### [To do]
Copy only the lines from the one containing "Custom Black Light" through the final line of the records below, exactly as written, with no pictures.
-- Material for the task follows --
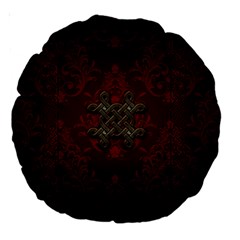 Decorative Celtic Knot On Dark Vintage Background Large 18  Premium Round Cushions by FantasyWorld7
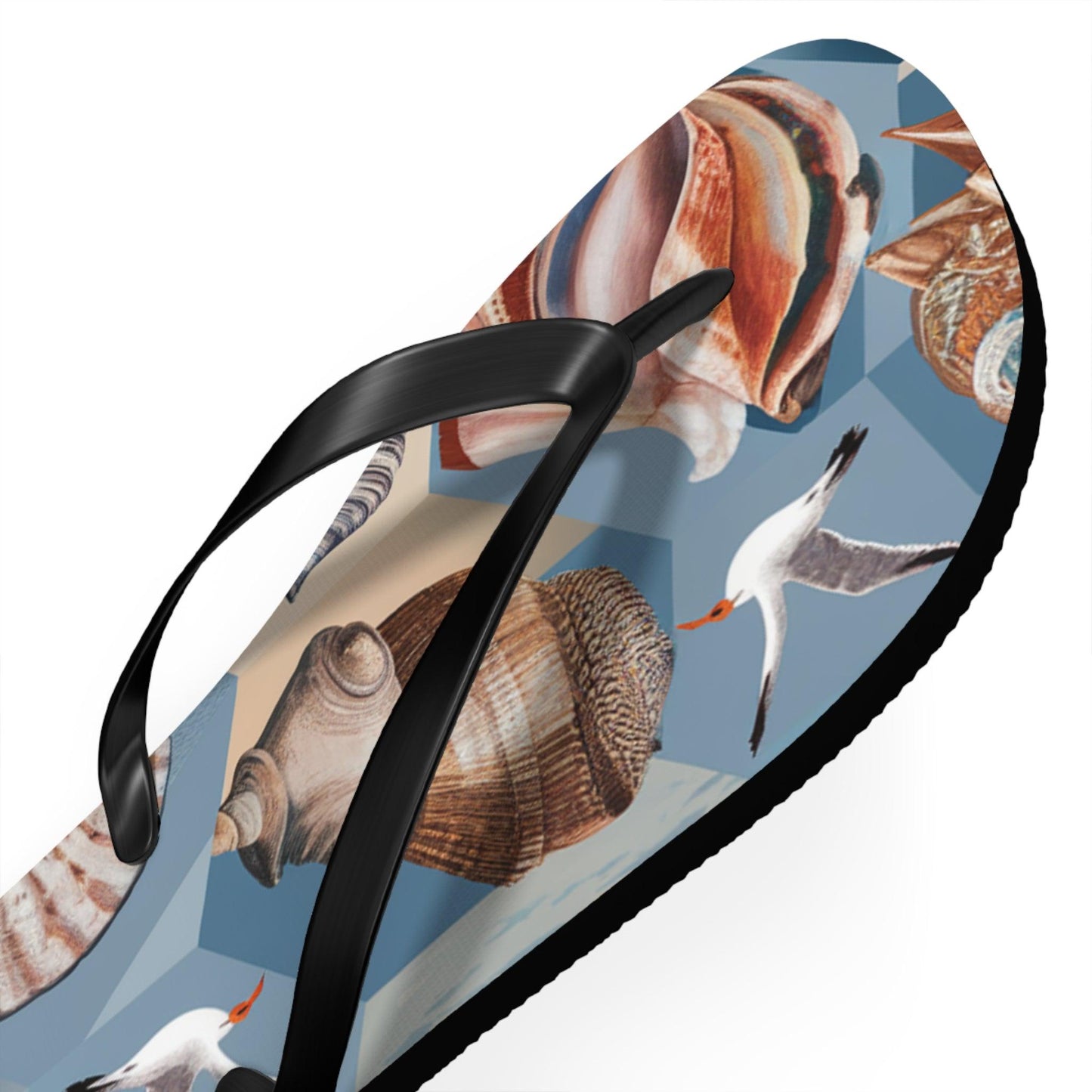 Seashell and Seagull Inspired Flip Flops v3, Express Your Beach Loving Self - Coastal Collections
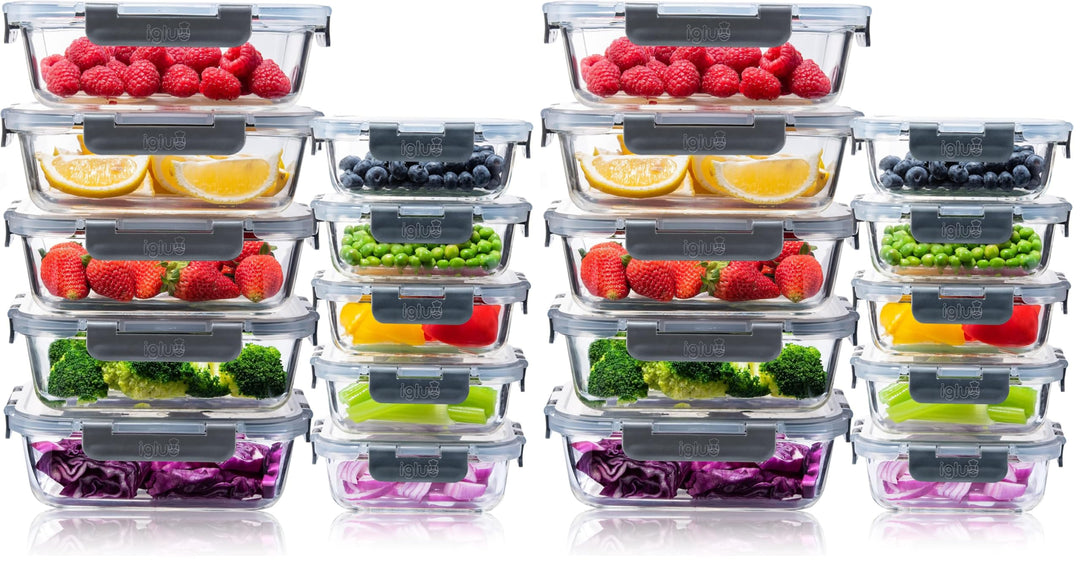 Igluu Meal Prep Glas-Frischhaltedosen mit BPA-freiem Deckel (10er-Pack) – mikrowellen-, ofen-, gefri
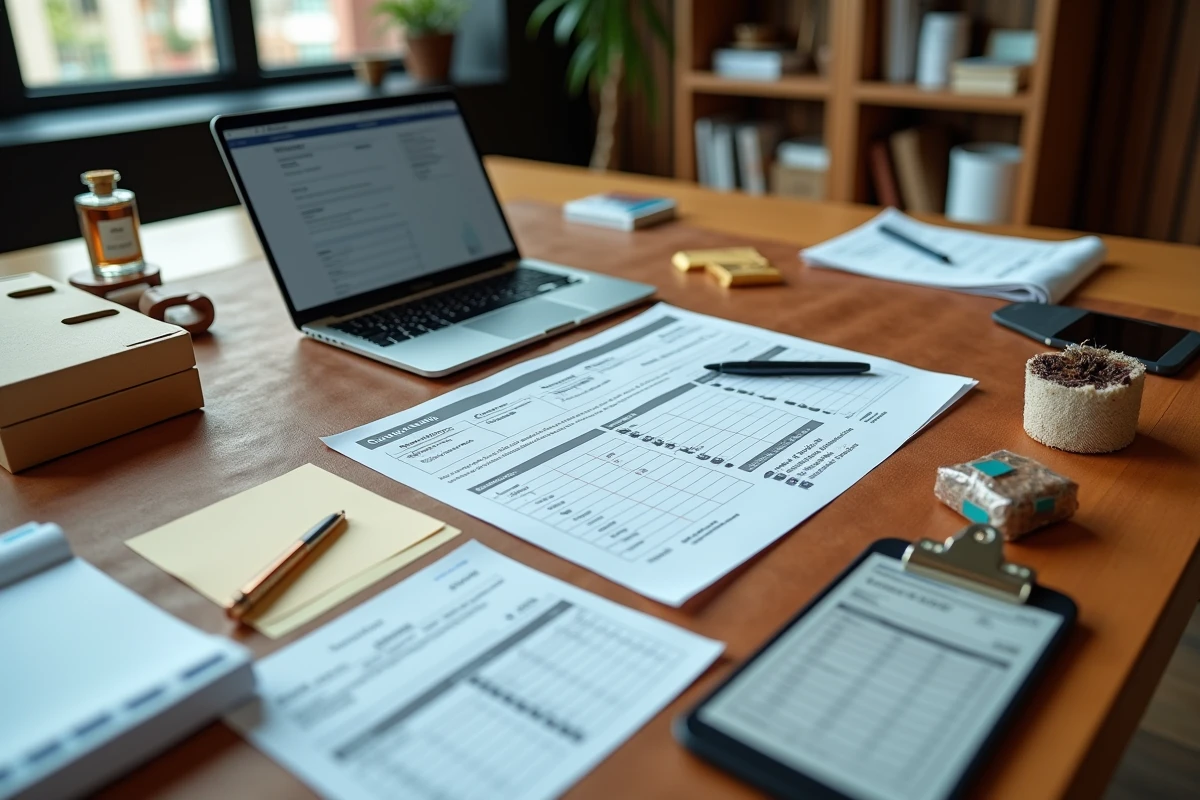 Bureau professionnel avec documents de déclaration douanière, échantillons de produits et formulaires d'importation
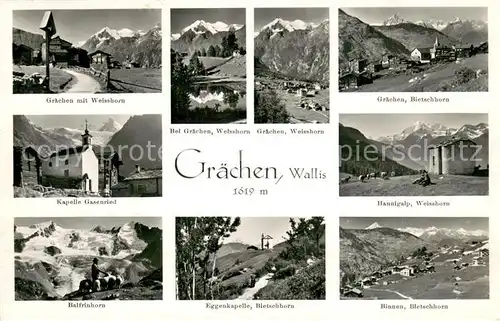 AK / Ansichtskarte Graechen_VS mit Weisshorn Bietschhorn Kapelle Gasenried Hannigalp Balfrinhorn Eggenkapelle Binnen Graechen_VS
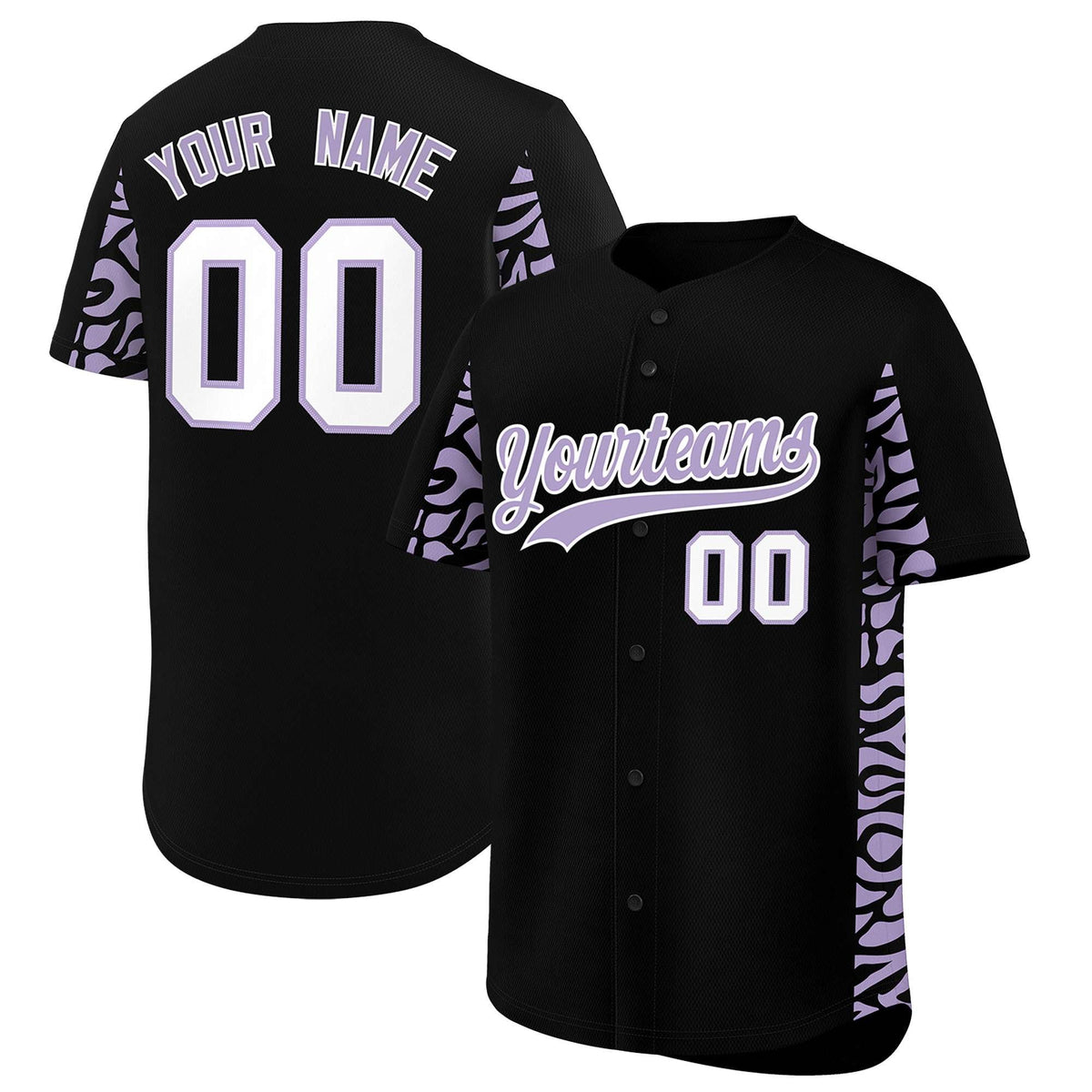 Custom Black Light Purple Personalized Leopard Graffiti Pattern Side Design Authentic Baseball Jersey
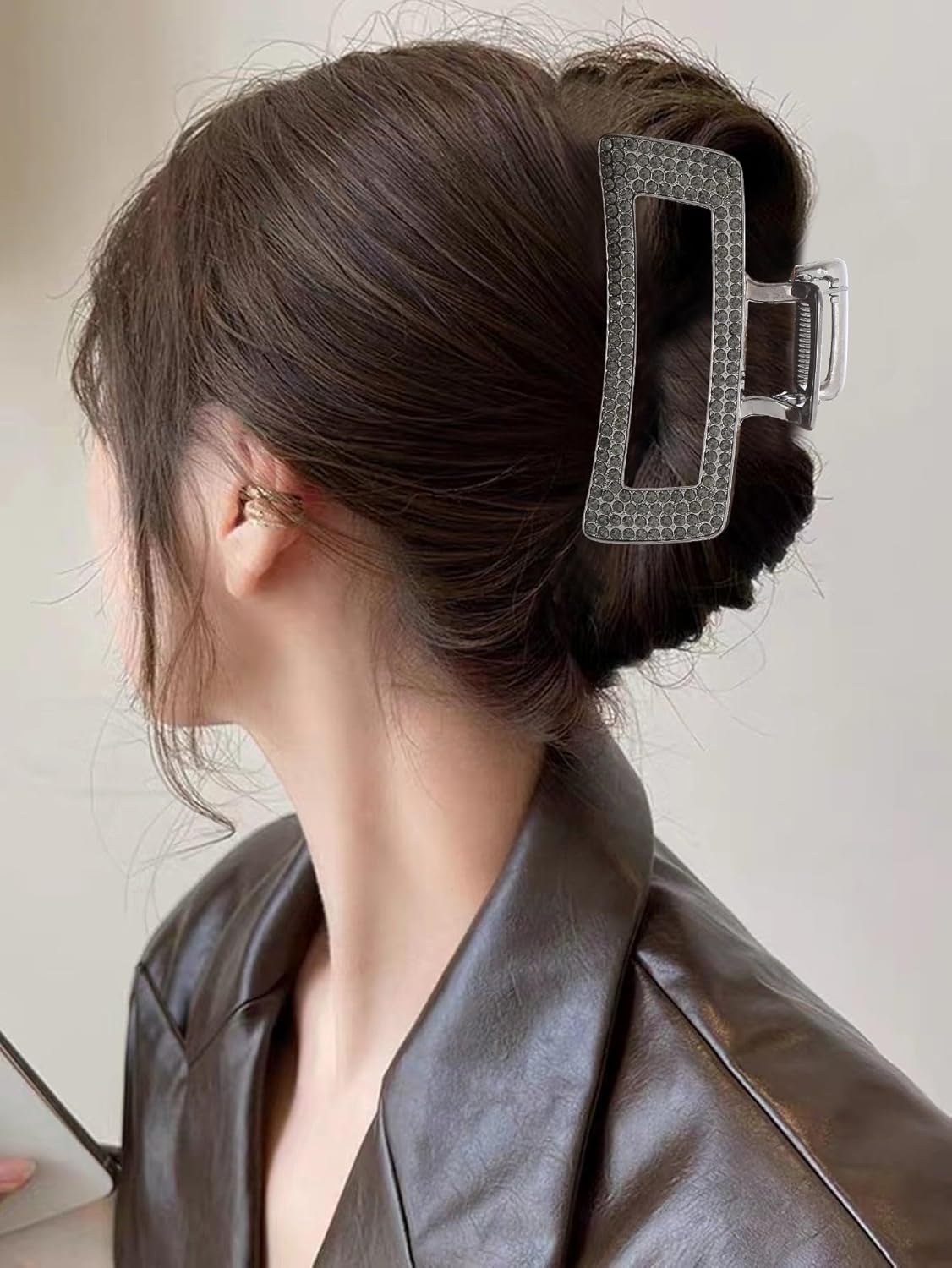 WORTL Pinzas grandes de metal cuadradas de 3.5 pulgadas, paquete de 4 abrazaderas de pelo con diamantes de imitación para mujeres y más delgadas,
-- Material for the task concluded --
### [Answer space]
 Custom Black Light Purple Personalized Leopard Graffiti Pattern Side Design Authentic Baseball Jersey
 WORTL Pinzas grandes de metal cuadradas de 3.5 pulgadas, paquete de 4 abrazaderas de pelo con diamantes de imitación para mujeres y más delgadas,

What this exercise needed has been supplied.